The Basics, Customization, and Collecting

Disney Magical World starts with you receiving an invitation from a Magical Letter named Letitia (nicknamed Letta) who gives you a passport to Castleton (A hub for each of the different worlds and where various Disney characters come and visit) where you can start to create your character either from the ingame character creation system or choosing the option to just use your Mii.

The character creation contained several more options than I expected to be honest and I was overall impressed with it for what it was. I would’ve liked to see longer hair–all the hair is fairly short. You can get wigs ingame though (several which are a bit longer), but you can’t wear head accessories with them. As a note, Miis can wear everything the ingame avatars can unlike in Animal Crossing where you can not wear any head/face accessories or hats/wigs.

In fact, there are tons of items in the game–over 140 item sets with most (if not all) sets containing 2-4 items each for your character to wear and every single item is Unisex so if you want to make a guy character and run around in a ballgown with Belle’s hair, you can.

Besides outfits, most of the items you make (Furniture, Food items for the Cafe, Clothing) involve scavenging/fishing for items through the maps themselves, Episodes in the various worlds, and doing tasks/favors for various Residents and Disney Characters in Castleton. These requests have a time limit (as residents and Disney characters wandering in Castleton, the shop stock for Scrooge’s Shop and stalls in Agrabah, and the favors you have reset/change over in the evening–though, Cafe Requests last until the next day), but there’s no penalty for not completing them.

This game honestly manages to handle real time incredibly well. They give you A LONG time to get all the items for events. There are no repercussions for failing to do something–you can literally go months without playing, come back, and everything will be as you left it. The only “bad” things are you could miss a chance at an item you really want (though, the item can show back up again eventually) and that your plants will be in stasis if they take more than an hour to grow (as they’ll be waiting for you to water them again–Weeds can also grow in the garden, but it’s not very many at all… especially compared to Animal Crossing)–but they won’t ever die. You will never be at risk of losing ANYTHING just because you didn’t play.

To progress in the game, besides continuing to earn money through your cafe (The best way to earn coins), you need to accomplish things to earn Stickers–getting a specific number of stickers will unlock certain areas of the game along with new episodes in each world. For example, to unlock the “Episode” area in Castleton, you require 60 Stickers (and a total of 80 to unlock all 5 floors). There are 100 Stickers total in the game–some easier to get than others. Stickers are divided into 8 sections–Prologue (which you will complete before unlocking the rest), Outfits, Fishing, Cafe, Photos, Episodes, Farming, and Secret. They are all pretty self-explanatory, though, to give a little more information on Secret… it’s essentially for completing harder bonus challenges.

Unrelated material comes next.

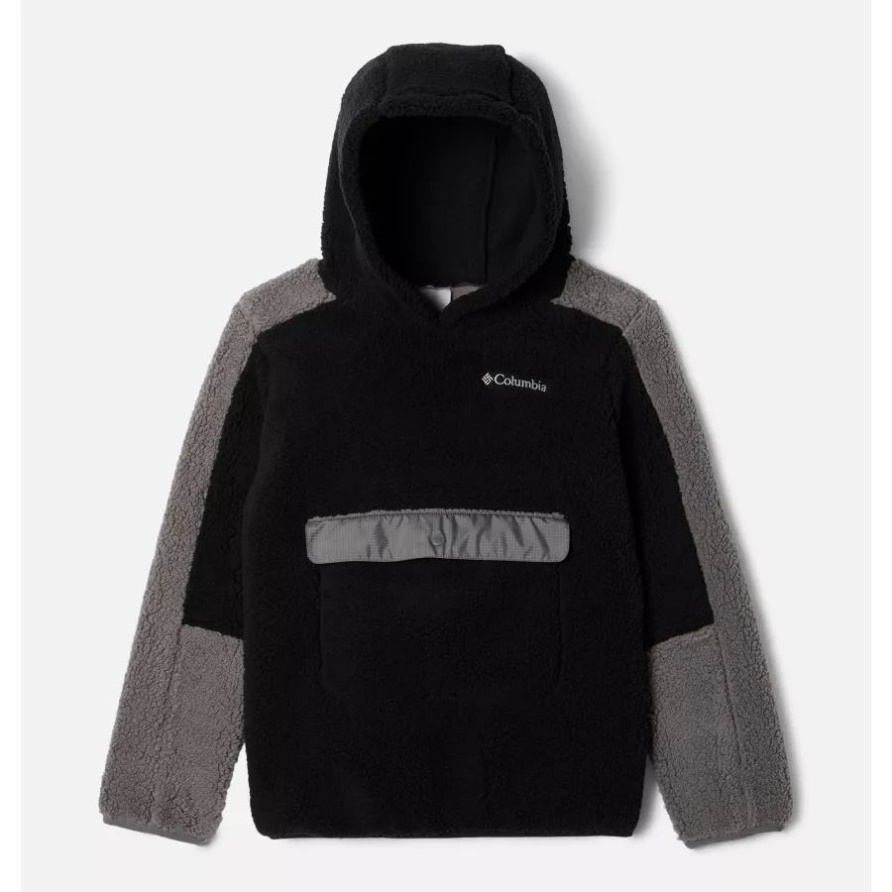 Jugend-Rugged-Ridge-Sherpa-Hoodie Columbia Black/City Grey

While most things are unlocked early on (The Cafe at 10 and a bedroom at 30), you need 90 stickers and 95 stickers to unlock the final clothing and furniture recipes respectively so you do need to work hard if you want to get everything. Not everything can be unlocked with stickers though–many items you can only get from Scrooge’s Shop or through doing favors for Residents and Characters which can give you the item itself or brand new recipes to make these items.

The Worlds, Episodes, and Music/Sound

There are 4 Worlds besides Castleton (excluding DLC):
-Cinderella’s World
-The 100 Acre Wood

Each has their own story to tell, the characters you’d expect, items to scavenge around town, and various amounts of Episodes. Episodes are essentially “quest” areas that usually involve you more or less going through a Dungeon collecting treasure and fighting ghosts using a Wand. This may sound simple enough, but it’s really not–ghosts require different strategies for different types (blindly mashing your button could end up killing you versus saving you) and you will be introduced to harder ones as you go on.

Not all Ghosts are bad though–such as Gift Ghost:

Gift Ghost’s catch is it won’t stick around long so you need to defeat it very quickly. Defeating it will usually give you some rare items, red gems, and a Power-up–Showtime. What it does is play some festive music which stuns all ghosts (they are too busy dancing), makes you immune, and gives you infinite MP. It doesn’t last too long, but it can be quite helpful.

Episodes are one of the biggest ways to earn items so you will be doing them often. It’s also the second best way to earn money as you can get many 1K and 5K bags later on.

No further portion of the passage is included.